In den aktuellen Turbulenzen an den Rentenmärkten sieht er kein Risiko für seine Strategie. „Über Derivate setzen wir schon seit Längerem auf allgemein steigende Zinsen und halten kaum Anleihen aus der Eurozone“, so Schottmüller. Seine Strategie besteht darin, etwa in Unternehmensanleihen zu investieren, die etwas mehr Zinsen abwerfen als sichere Staatspapiere, und darauf zu setzen, dass sich der Zinsabstand verringert. „Darüber hinaus sind aus unserer Sicht auch US-Anleihen mit kürzerer Laufzeit sehr attraktiv geworden.
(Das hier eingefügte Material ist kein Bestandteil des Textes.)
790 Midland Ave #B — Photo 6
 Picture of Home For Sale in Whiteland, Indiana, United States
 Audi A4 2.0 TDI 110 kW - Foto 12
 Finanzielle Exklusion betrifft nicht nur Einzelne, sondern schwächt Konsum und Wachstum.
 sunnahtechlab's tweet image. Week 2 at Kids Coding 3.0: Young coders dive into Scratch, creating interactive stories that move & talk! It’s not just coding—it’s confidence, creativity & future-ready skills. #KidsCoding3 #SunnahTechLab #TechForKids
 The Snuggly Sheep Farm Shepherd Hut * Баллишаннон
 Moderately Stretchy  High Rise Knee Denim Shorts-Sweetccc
Diese bieten ein vergleichsweise gutes Chance-Risiko-Verhältnis und wegen der kurzen Restlaufzeit einen Sicherheitspuffer, sollte es am Rentenmarkt zu weiteren Turbulenzen kommen. Als Anleger aus der Eurozone profitieren wir zudem von Währungsgewinnen beim Dollar“, sagt Schottmüller. Bei Aktien setzt Schottmüller auf Unternehmen mit stabilen Geschäftsmodellen und gesunden Bilanzen, die in ihren Märkten auch dann ihren Umsatz halten, wenn die Weltwirtschaft in eine Rezession rutschen sollte. „Mit den steigenden Zinsen werden die Investorinnen und Investoren die Bewertungen von Aktien vor allem im Technologiesektor weiter nach unten anpassen. Substanzhaltige Titel werden dagegen in Zukunft eine größere Rolle spielen“, ist Schottmüller überzeugt. „Gleichzeitig könnten Anlagen etwa in Hochzinsanleihen attraktiver gegenüber Aktien werden – insbesondere, wenn man die Verlustrisiken direkt miteinander vergleicht.“

Foto: dpa/PictureAlliance

Smurfit Kappa: Wellpappe ist als nachhaltige Verpackung gefragt.

Das Thema Value-Investing hat auch Deka-Manager Thießen im Blick: „Wir gehen davon aus, dass die Zeitenwende bei den Zinsen und der Geldpolitik eine langfristig orientierte Anlage in Value-Aktien unterstützt. Dieser Investmentstil ist mit der steigenden Bewertung von Wachstumsaktien vor allem im Technologiebereich in den zurückliegenden zehn Jahren ins Abseits geraten“, so Thießen. „Dabei ist das auf lange Sicht einer der erfolgreichsten Anlageansätze.“ Diesen erprobten Investmentstil will die Deka Anlegerinnen und Anlegern in Kürze noch mit einem weiteren Fondsprodukt zugänglich machen.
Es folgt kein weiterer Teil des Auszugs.